Returns almost immediately:

> library(forecast)
> auto.arima(wineind, seasonal=TRUE)
Series: wineind
ARIMA(1,1,2)(0,1,1)[12]

Coefficients:
         ar1      ma1     ma2     sma1
      0.4299  -1.4673  0.5339  -0.6600
s.e.  0.2984   0.2658  0.2340   0.0799

sigma^2 estimated as 5399312:  log likelihood=-1497.05
AIC=3004.1   AICc=3004.48   BIC=3019.57

Explanation and root cause analysis

First of all, when you cross the language border, there is not always such a thing as a 1-to-1 rewrite, so that is the core challenge here. Under the hood, we are using statsmodels to fit our ARMA, ARIMA and SARIMAX models, and what we’re providing is the optimization code, tests of seasonality and stationarity, etc.

Just to make sure it isn’t a bottleneck on our side, I ran an experiment on the slowest of the models shown above:

from statsmodels import api as sm
import time


def timed(func):
    def wrapper(*args, **kwargs):
        start = time.time()
        res = func(*args, **kwargs)
        print(f"complete in {time.time() - start:.4f} seconds")
        return res
    return wrapper


@timed
def create_model():
    sm_sarimax = sm.tsa.statespace.SARIMAX(
        endog=y, exog=None, order=(0, 1, 1),
        seasonal_order=(1, 1, 2, 12), trend='c',
        enforce_stationarity=True)
    res_wrapper = sm_sarimax.fit(
        start_params=None, trend='c',
        method='lbfgs', transparams=True,
        solver='lbfgs', maxiter=50, disp=0)
    return res_wrapper

create_model()
# complete in 5.2814 seconds
# <statsmodels.tsa.statespace.sarimax.SARIMAXResultsWrapper object at 0x7f33cefd2a50>

When you dig deeper, R’s ARIMA code is almost 100% C, and statsmodels’ is almost 100% python. While that will account for a lot of it, I’m not one to be swayed by that fact alone… my opinion is there is surely something going on in the SARIMAX class that is causing this to drag, and I don’t have a perfect explanation for you right now.

RE: AIC, BIC, etc., my guess is that statsmodels computes those values in a slightly different fashion than statsmodels. I wish I had a better answer for you… Now, it could totally be that the manner in which we’re using the SARIMAX interface (or one of the default options we’re passing) is causing a slow-down, and that’s something I’m not really certain about. But I do think it warrants maybe a deep dive by someone on our side to see if it’s anything we have control over.

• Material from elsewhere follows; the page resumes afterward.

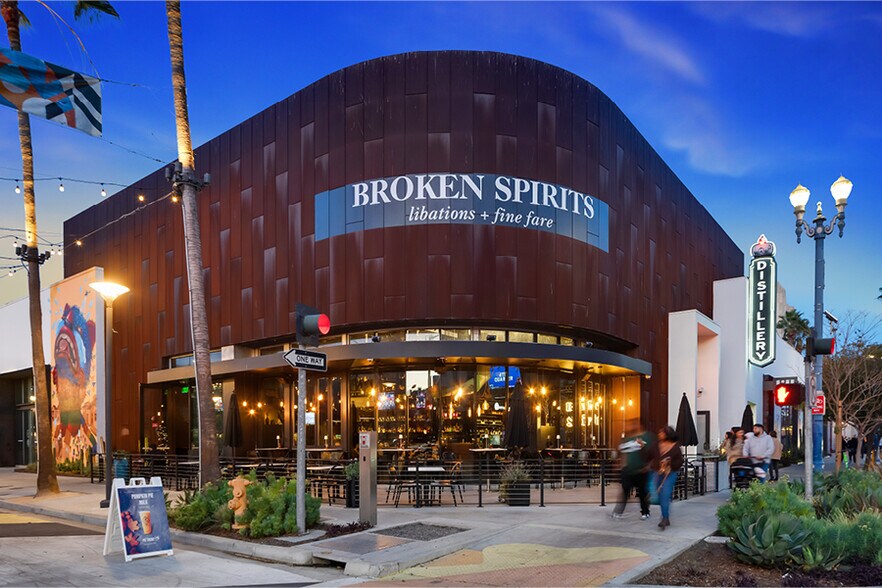 More Photos Of 300-325 The Promenade N, Long Beach General Retail For Sale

Thank you for bringing this up; hopefully we can get a satisfactory explanation, if not solution, to you in a reasonable time.

0reactions

tgsmith61591commented, Nov 25, 2019

It seems to me there is not problem with different AIC results, but the algorithm has to differ in something. Do you know more about that?

There was a time when R added more rules to its stepwise search algorithm, so the two diverged. The new release in 1.5.0 will reconcile these differences. However, one reason the same algorithm may not even search the same orders is due to the AIC of the results. The stepwise search refines its search based on the AIC, and since R and Python have subtly different ways of computing it, the same progression of models may not yield the same refinement, if that makes sense.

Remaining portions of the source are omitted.